Merrill’s response was to play against type, rejecting the all-too-common impulse to dress a midcentury house entirely in period furniture and finishes. “When I was a kid, we had a family friend who owned a Marcel Breuer house in Princeton that was furnished with Persian rugs and old family heirlooms. There was something compelling about the tension between the angular architecture and the traditional furniture,” Merrill says. “I tried to channel that spirit here. The chaise we picked for the living room, which is covered in a Rose Cumming floral, could easily work in somebody’s grandmother’s house.”

A coast live oak shades the pool. Vintage bamboo armchairs.

Laure Joliet

Nevertheless, it’s the rare granny who would choose to paint all the interior and exterior wood beams and columns a shade of burgundy similar to that of a Japanese maple. Or to paper the dining room in a strange, trippy pattern of oranges erupting into tiny cityscapes. Or even to install a rainbow curtain of eight separate color panels that visually extends from the master bedroom to the lounge off the pool.

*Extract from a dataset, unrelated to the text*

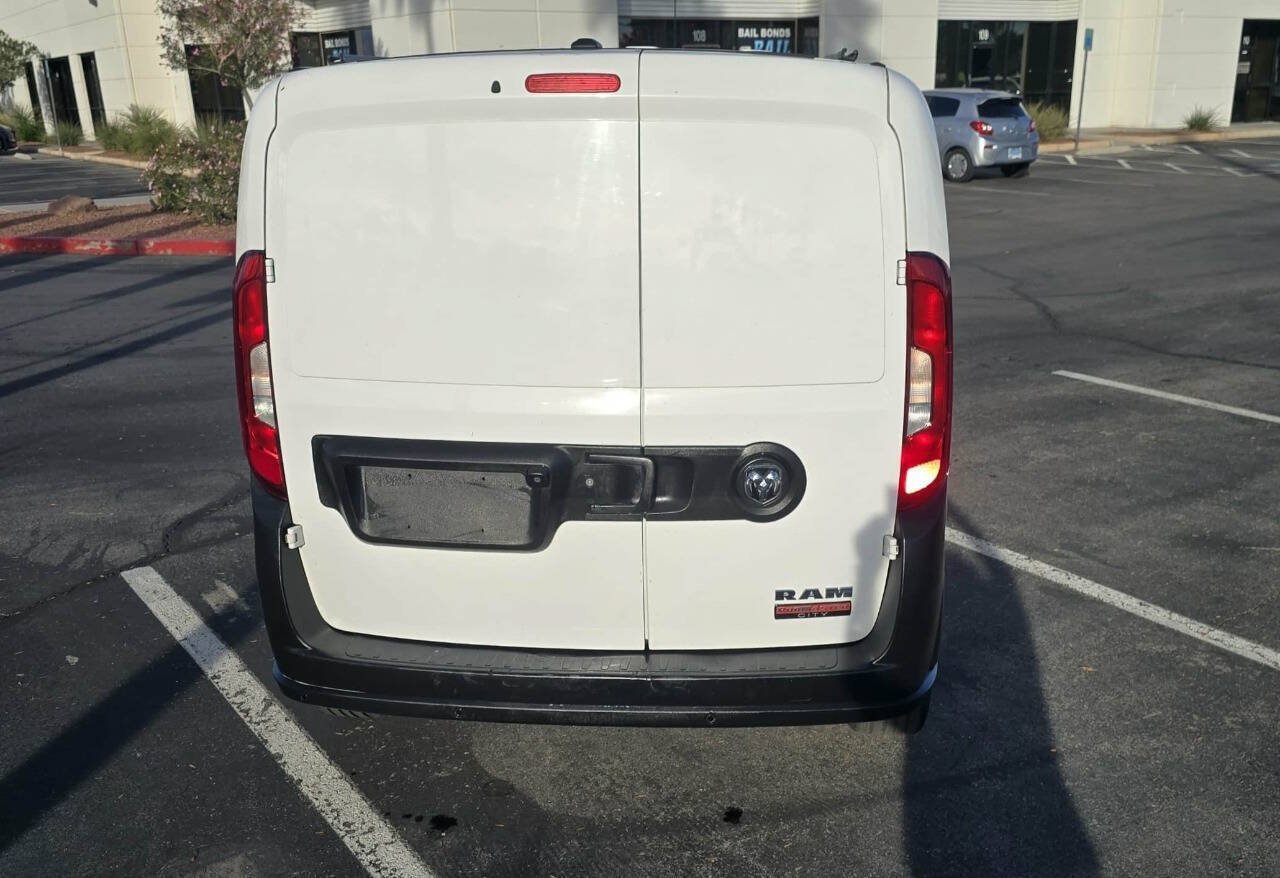 Used 2018 RAM ProMaster City Tradesman FWD image 4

What’s most extraordinary, perhaps, is the completeness of the designer’s vision. Merrill’s orchestration of delight is not simply confined to the house’s primary social spaces, like the generous open kitchen, where bright-green cabinetry is punctuated with abstracted floral cutouts and humble Shaker chairs are unexpectedly adorned in red and black canvas tapes. The joy of color and pattern extends into a bathroom clad in blue tile accented by cherry-red fixtures and a sprightly red-and-blue floral shower-curtain fabric designed by Gert Voorjans for Jim Thompson. (Fun fact: Thompson, the Thai silk czar who disappeared mysteriously in Malaysia in 1967, was Merrill’s great-great-uncle.) There’s also a rainbow coalition of brilliantly hued outdoor dining chairs, custom color-blocked cushions for the pool chaises, and a massive ultramarine outdoor sofa set against the ivy-covered hillside that cradles the house.

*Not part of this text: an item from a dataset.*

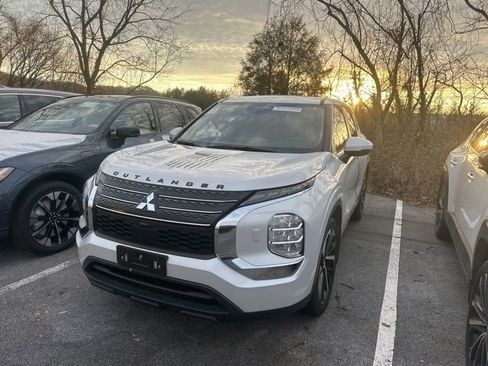 Used 2022 Mitsubishi Outlander ES image 15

“There was a skeleton of a great midcentury garden that had been denuded over the years. Our job was to rebuild what was there and elevate some of the materials and details,” says David Godshall, cofounder of the burgeoning L.A.-and-San Francisco–based landscape-design firm Terremoto. That process involved redoing an aged acrylic fence with panels of tempered glass and replacing what Godshall describes as “Rice Krispies concrete paving” with period-appropriate exposed-aggregate concrete framed with wood borders. “The giant boulders on the site were the launching point for our work. The original garden made references, both subtle and overt, to Japanese landscape design, and we underscored that affinity by doing things like installing pathways of buried boulders combined with square and rectangular concrete pavers. Horticulturally, the garden is part Japanese, part native California, and part jungle,” Godshall explains.

One of the plantings Godshall chose—a red Abyssinian banana tree—gives a clear nod to Merrill’s color choice for the architectural framing, which sets the tone, literally and figuratively, for the entire house experience. When asked if she has any advice for do-it-yourselfers eager to hop aboard the crazy color wagon, Merrill demurs. “It’s not something you can codify or teach. It’s intuitive,” she insists, adding, “This isn’t exactly rocket science, except that it kind of is.”